Problem details
Only one stretch of the data below is wanted: the lines starting at the one with "Baby Pink Bevel" and ending at the one with "Бумажные Деньги Золотые", both included, given again exactly.

Short text fragments from websites
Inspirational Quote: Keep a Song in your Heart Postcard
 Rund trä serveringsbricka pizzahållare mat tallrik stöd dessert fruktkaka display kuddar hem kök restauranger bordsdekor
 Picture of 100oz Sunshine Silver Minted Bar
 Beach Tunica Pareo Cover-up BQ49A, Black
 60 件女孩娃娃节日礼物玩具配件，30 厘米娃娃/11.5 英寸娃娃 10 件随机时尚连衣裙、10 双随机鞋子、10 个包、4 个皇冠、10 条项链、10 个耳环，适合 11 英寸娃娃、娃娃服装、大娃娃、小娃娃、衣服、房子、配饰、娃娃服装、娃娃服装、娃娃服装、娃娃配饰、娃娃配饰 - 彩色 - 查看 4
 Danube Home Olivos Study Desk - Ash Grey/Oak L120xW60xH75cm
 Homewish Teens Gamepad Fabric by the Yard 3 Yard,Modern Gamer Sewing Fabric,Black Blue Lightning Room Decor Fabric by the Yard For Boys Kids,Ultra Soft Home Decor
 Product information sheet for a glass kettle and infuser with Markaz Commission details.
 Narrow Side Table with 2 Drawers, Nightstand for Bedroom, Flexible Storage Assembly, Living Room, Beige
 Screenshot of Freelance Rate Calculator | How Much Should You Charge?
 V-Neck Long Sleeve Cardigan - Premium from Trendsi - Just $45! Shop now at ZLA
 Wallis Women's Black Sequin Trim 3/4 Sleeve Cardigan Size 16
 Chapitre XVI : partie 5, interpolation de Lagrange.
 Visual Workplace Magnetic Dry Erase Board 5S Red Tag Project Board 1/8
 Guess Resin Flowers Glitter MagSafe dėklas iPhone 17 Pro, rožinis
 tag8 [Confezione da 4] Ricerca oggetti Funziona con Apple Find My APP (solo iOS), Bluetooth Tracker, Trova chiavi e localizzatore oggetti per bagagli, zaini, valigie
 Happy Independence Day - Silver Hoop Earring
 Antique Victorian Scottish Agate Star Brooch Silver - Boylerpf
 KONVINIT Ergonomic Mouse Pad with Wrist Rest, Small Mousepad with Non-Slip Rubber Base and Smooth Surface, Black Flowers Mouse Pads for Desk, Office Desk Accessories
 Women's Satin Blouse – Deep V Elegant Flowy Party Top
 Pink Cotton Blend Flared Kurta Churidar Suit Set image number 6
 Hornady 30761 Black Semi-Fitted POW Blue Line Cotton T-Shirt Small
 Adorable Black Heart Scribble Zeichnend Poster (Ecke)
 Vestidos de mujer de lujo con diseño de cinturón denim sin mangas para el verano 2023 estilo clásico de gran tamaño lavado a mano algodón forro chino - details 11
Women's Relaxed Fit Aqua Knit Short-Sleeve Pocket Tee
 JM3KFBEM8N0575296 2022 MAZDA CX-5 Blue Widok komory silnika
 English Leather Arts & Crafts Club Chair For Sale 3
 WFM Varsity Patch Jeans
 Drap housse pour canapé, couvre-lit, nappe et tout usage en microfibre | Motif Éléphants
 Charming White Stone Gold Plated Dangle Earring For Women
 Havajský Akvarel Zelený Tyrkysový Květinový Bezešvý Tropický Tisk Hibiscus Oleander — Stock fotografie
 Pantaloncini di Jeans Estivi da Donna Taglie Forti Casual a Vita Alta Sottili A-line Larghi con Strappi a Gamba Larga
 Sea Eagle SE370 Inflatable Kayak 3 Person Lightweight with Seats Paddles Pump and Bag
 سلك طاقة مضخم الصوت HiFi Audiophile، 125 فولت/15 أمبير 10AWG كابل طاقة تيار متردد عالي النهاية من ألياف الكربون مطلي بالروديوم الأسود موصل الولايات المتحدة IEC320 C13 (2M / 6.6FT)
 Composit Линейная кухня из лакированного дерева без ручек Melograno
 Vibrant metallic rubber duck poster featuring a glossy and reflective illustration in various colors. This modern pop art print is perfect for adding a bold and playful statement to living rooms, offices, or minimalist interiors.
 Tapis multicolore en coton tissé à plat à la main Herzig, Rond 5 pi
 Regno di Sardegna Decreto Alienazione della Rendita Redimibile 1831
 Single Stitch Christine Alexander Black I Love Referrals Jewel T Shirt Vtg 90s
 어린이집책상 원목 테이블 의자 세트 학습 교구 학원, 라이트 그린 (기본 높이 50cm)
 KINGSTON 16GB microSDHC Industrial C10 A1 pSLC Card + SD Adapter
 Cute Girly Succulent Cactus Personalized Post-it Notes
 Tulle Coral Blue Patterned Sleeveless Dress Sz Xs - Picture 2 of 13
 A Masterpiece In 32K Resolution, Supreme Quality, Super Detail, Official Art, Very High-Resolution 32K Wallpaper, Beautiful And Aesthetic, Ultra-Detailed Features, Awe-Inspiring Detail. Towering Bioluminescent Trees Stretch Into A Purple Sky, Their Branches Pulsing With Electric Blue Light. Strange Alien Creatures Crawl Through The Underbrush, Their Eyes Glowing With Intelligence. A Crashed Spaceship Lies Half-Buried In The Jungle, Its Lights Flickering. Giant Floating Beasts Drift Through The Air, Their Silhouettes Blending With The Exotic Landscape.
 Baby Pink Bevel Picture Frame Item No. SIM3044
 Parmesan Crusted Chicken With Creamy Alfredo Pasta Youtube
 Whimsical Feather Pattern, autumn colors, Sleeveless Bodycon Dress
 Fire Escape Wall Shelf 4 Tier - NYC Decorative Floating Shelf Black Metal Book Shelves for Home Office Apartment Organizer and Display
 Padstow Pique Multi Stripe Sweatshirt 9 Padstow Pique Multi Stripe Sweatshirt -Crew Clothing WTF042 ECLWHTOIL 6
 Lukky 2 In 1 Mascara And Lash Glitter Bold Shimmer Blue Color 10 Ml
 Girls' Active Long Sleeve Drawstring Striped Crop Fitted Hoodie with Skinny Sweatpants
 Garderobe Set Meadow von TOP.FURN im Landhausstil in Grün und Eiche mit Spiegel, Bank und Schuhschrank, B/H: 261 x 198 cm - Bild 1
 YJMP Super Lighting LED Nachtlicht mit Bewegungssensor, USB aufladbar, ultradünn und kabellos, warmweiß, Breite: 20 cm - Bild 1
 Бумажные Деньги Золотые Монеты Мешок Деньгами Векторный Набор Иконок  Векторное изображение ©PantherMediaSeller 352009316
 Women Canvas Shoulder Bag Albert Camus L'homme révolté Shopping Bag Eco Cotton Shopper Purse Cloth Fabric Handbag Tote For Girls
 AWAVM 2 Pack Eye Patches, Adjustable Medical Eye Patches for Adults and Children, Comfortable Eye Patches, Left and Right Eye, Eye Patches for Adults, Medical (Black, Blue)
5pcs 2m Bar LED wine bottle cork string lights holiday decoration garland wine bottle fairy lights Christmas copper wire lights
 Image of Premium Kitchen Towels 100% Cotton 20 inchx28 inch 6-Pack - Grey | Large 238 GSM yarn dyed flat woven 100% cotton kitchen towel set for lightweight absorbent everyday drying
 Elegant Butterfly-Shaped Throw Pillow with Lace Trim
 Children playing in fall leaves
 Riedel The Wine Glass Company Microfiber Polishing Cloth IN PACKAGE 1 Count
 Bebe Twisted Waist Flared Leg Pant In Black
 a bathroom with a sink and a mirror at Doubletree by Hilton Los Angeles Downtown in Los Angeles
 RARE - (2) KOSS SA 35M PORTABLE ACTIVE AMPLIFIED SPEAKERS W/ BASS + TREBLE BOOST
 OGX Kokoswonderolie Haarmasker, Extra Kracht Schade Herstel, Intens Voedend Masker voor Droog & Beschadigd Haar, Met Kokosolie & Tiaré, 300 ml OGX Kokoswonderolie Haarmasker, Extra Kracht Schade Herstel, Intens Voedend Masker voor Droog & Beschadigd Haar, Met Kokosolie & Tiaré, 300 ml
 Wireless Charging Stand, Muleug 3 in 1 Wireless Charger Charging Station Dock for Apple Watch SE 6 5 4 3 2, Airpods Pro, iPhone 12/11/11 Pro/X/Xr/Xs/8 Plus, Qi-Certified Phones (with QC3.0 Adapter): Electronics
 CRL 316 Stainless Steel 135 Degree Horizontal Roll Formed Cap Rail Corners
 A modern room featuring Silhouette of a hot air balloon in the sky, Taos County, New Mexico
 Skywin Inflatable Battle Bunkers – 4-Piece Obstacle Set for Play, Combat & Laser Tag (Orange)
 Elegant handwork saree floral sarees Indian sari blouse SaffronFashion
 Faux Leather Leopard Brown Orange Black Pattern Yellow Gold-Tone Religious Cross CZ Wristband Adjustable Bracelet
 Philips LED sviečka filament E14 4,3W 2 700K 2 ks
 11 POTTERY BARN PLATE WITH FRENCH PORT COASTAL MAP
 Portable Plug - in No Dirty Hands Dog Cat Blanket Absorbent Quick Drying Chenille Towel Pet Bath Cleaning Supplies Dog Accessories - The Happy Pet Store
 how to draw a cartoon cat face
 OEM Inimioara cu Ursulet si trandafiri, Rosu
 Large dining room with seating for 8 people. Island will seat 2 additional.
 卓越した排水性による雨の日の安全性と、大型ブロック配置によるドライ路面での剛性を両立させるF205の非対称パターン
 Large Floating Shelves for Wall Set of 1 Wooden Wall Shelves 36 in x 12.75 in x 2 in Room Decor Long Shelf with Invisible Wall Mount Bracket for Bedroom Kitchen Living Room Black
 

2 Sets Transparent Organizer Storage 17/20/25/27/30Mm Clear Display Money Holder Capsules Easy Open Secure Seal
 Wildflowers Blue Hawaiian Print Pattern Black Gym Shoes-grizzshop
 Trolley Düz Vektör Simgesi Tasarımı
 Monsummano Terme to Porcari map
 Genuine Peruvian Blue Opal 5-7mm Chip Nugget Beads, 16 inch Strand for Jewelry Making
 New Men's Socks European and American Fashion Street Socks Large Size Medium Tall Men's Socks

Result for this exercise
 Baby Pink Bevel Picture Frame Item No. SIM3044
 Parmesan Crusted Chicken With Creamy Alfredo Pasta Youtube
 Whimsical Feather Pattern, autumn colors, Sleeveless Bodycon Dress
 Fire Escape Wall Shelf 4 Tier - NYC Decorative Floating Shelf Black Metal Book Shelves for Home Office Apartment Organizer and Display
 Padstow Pique Multi Stripe Sweatshirt 9 Padstow Pique Multi Stripe Sweatshirt -Crew Clothing WTF042 ECLWHTOIL 6
 Lukky 2 In 1 Mascara And Lash Glitter Bold Shimmer Blue Color 10 Ml
 Girls' Active Long Sleeve Drawstring Striped Crop Fitted Hoodie with Skinny Sweatpants
 Garderobe Set Meadow von TOP.FURN im Landhausstil in Grün und Eiche mit Spiegel, Bank und Schuhschrank, B/H: 261 x 198 cm - Bild 1
 YJMP Super Lighting LED Nachtlicht mit Bewegungssensor, USB aufladbar, ultradünn und kabellos, warmweiß, Breite: 20 cm - Bild 1
 Бумажные Деньги Золотые Монеты Мешок Деньгами Векторный Набор Иконок  Векторное изображение ©PantherMediaSeller 352009316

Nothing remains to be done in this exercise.